What you produce should be the lines from the line containing "Togetic 084/197 - Obsidian Flames" through the last line below, both ends included, reproduced exactly and without pictures.

SUPPLIED MATERIAL:
^^^^^^^^^^^^^^^^
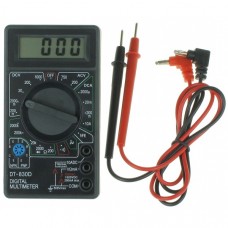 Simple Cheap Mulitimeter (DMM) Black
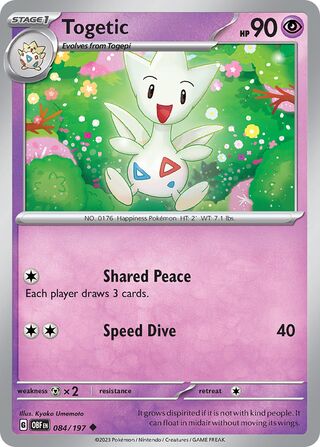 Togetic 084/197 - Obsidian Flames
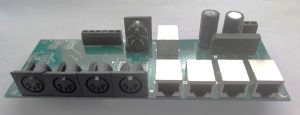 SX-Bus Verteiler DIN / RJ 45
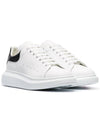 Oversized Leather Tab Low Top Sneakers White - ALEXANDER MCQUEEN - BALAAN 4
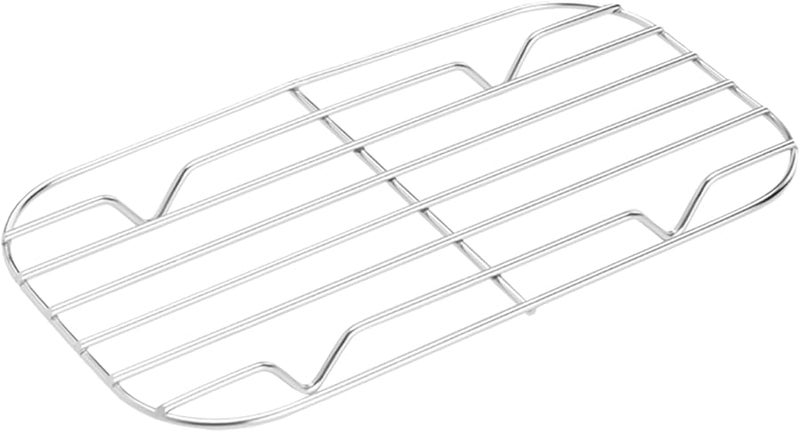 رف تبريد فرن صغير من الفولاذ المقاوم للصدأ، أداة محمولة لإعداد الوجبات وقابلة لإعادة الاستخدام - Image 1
^^^^^^^^^^^^^^^^
YOUR SOLUTION:
 Togetic 084/197 - Obsidian Flames
 SX-Bus Verteiler DIN / RJ 45
 Oversized Leather Tab Low Top Sneakers White - ALEXANDER MCQUEEN - BALAAN 4
 رف تبريد فرن صغير من الفولاذ المقاوم للصدأ، أداة محمولة لإعداد الوجبات وقابلة لإعادة الاستخدام - Image 1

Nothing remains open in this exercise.